The second phase in the certification process, the Coaching Accreditation Program (CAP), is more extensive. The CAP I course is based on the book, Coaching Volleyball – Building a Winning Team. The course focuses on basic skills (forearm pass, overhead pass, serving, spiking, serve receive, blocking, individual defense), developing offensive and defensive systems, game-like drills, putting together practices, strategies and tactics, and coaching philosophies.
Highlights from a recent CAP certification held in Durango, Colorado follow:
The game teaches the game. Skills are transferred best in game-like situations.
- Never be a child’s last coach. Give them a love of the game.
- Principles matter more than methods.
- A good coach will tell his/her players, “Your job is to show up with a smile on your face. My jobs are to send you away with one.”

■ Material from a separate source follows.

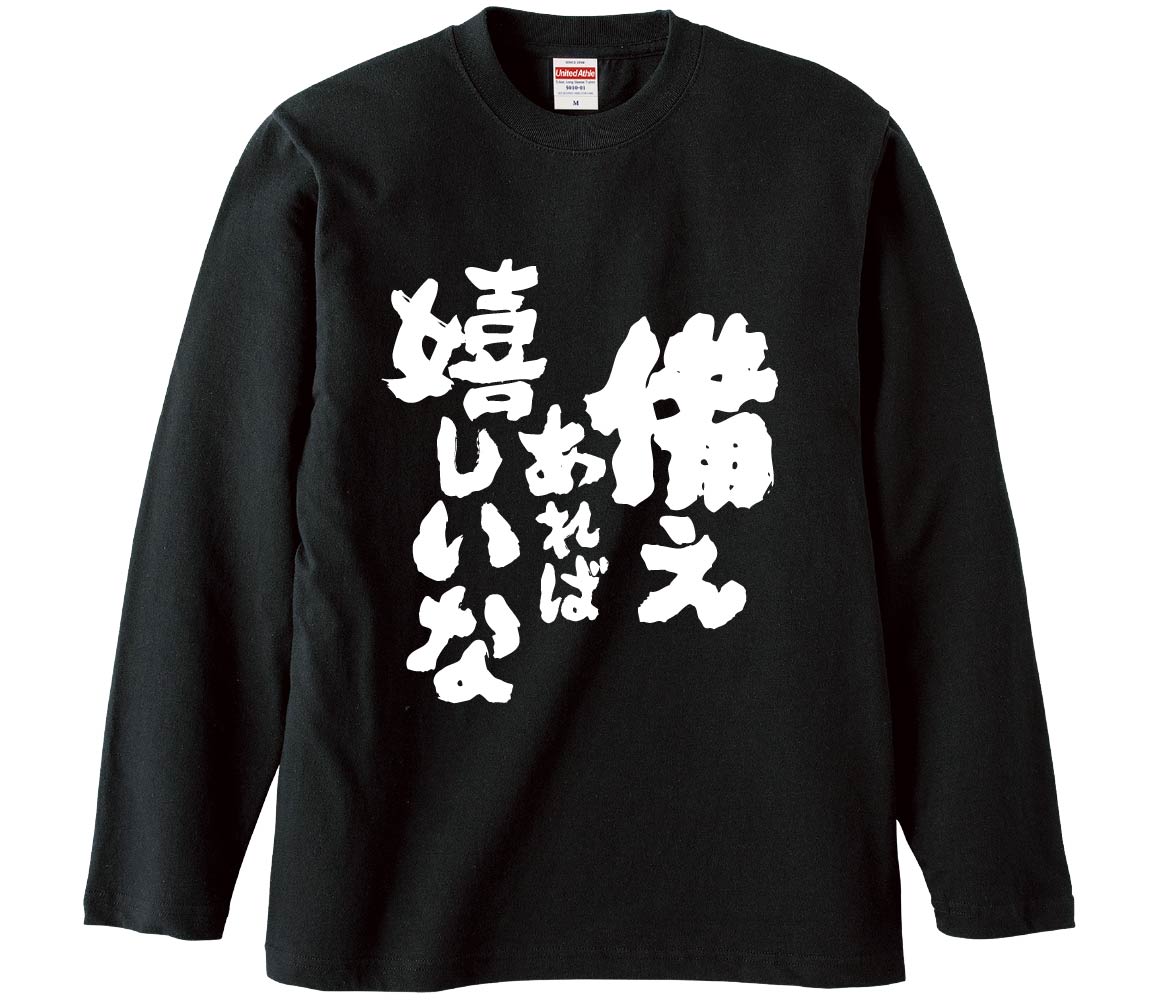 ⤷TġߤȢ㤨֡ڤ⤷tġߤȢ д򤷤 Ĺµ   ǥ ѥǥ Ͽ ̾ פβǤʤ2,780ߤˤʤޤ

- The pleasure of competition should always exceed the pressure of competition.
- Effective coaches will tell their players what they want to see them doing, not what they did wrong.
- Teach the whole rather than the part, for example teach the full spike rather than breaking it down in parts.
- The power of story is an effective way to teach – guide your players’ discovery through story.
- If punishment worked, prisoners would be angels.
- A team’s practice must be deliberate and focused.
- Kids don’t know how much the coach knows about volleyball until they know how much the coach cares about them.
- Specificity is a key in motor learning. Give students specific cues such as “Good job reaching for the ball.” This is more helpful than being a cheerleader and saying, “Good shot.”
- There is a greater transfer in skill from random training rather than block training.
- “Streaks Happen.” 50% of the time an athlete performs above their average and the other 50% of the time they perform below their average.
Every coach has a different philosophy and approach to helping their athletes learn. Philosophies may vary, but quality programs will be based on the above mentioned fundamentals.